**What needs to be done:** Within the listing below, the lines to output run from the one containing "Photo of Bathroom in Ozark" through the one containing "Bed Wedge Pillow - Thumbnail 2"; copy them exactly and nothing else.

**Data to examine:**
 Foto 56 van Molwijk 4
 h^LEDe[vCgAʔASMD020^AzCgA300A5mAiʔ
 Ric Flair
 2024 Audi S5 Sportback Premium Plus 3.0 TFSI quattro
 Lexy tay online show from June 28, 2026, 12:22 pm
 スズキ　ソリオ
==
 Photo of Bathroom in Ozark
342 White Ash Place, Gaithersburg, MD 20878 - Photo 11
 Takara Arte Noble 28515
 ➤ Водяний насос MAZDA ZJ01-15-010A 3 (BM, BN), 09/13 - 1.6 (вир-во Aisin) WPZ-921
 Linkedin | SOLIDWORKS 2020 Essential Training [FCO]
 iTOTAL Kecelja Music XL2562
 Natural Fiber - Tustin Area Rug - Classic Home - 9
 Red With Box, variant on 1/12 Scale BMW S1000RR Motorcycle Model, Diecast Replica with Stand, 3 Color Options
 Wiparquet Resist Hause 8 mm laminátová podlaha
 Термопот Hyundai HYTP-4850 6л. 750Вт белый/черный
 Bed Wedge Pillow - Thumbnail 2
...
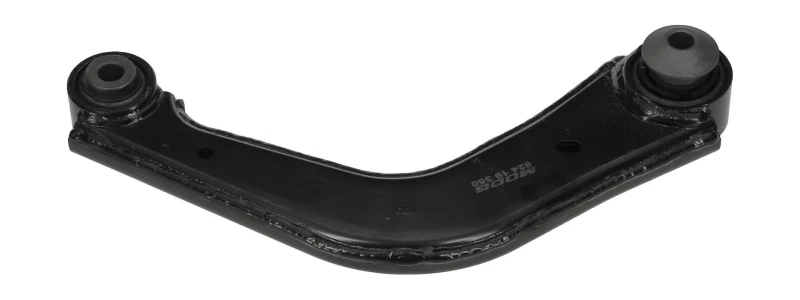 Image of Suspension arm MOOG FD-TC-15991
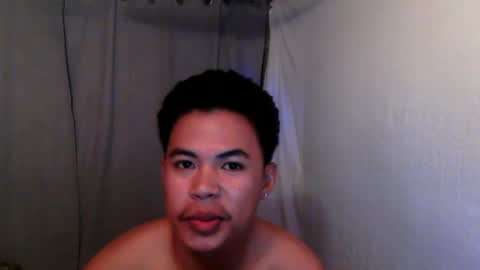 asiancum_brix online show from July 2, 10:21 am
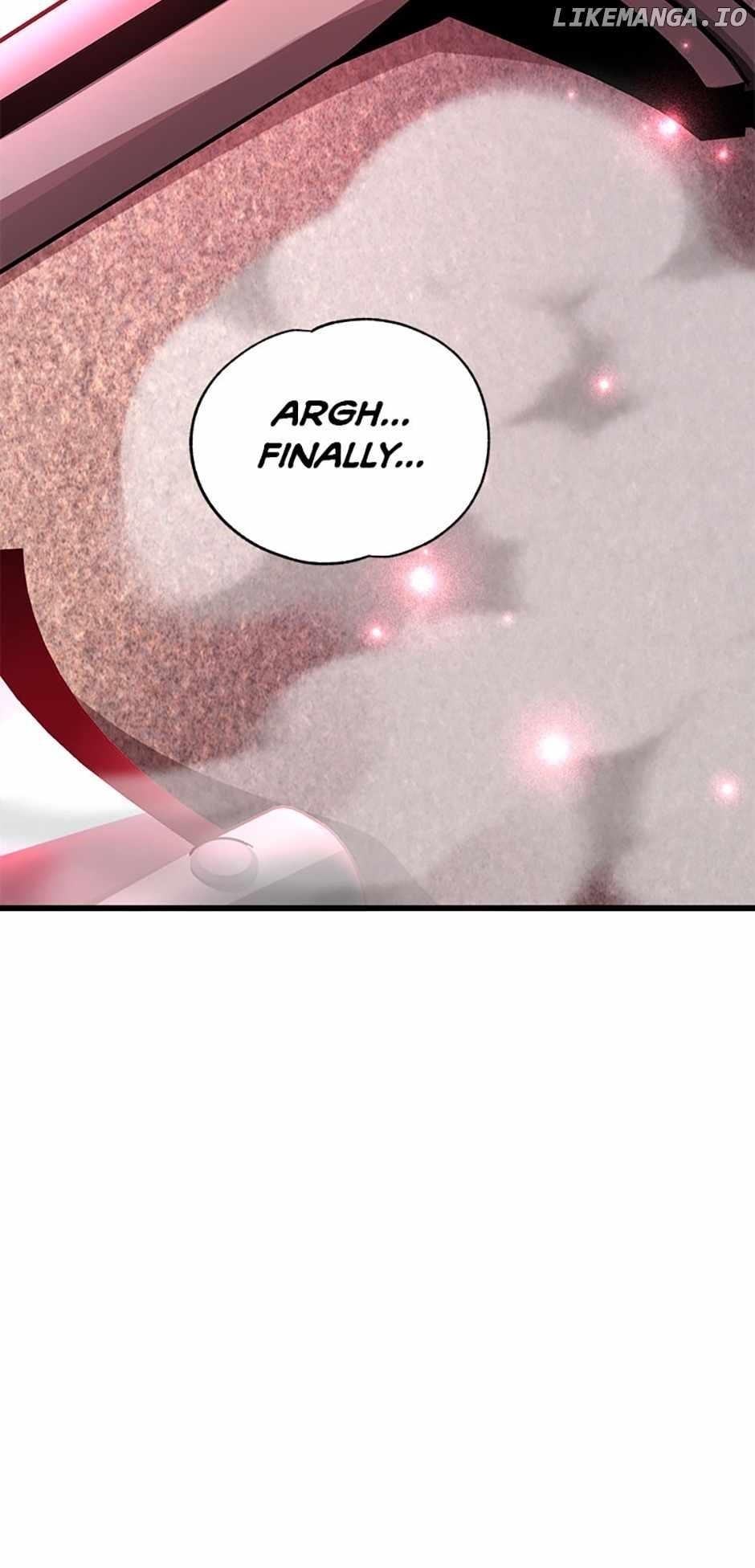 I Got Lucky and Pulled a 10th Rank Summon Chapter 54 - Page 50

**Your response:**
 Photo of Bathroom in Ozark
342 White Ash Place, Gaithersburg, MD 20878 - Photo 11
 Takara Arte Noble 28515
 ➤ Водяний насос MAZDA ZJ01-15-010A 3 (BM, BN), 09/13 - 1.6 (вир-во Aisin) WPZ-921
 Linkedin | SOLIDWORKS 2020 Essential Training [FCO]
 iTOTAL Kecelja Music XL2562
 Natural Fiber - Tustin Area Rug - Classic Home - 9
 Red With Box, variant on 1/12 Scale BMW S1000RR Motorcycle Model, Diecast Replica with Stand, 3 Color Options
 Wiparquet Resist Hause 8 mm laminátová podlaha
 Термопот Hyundai HYTP-4850 6л. 750Вт белый/черный
 Bed Wedge Pillow - Thumbnail 2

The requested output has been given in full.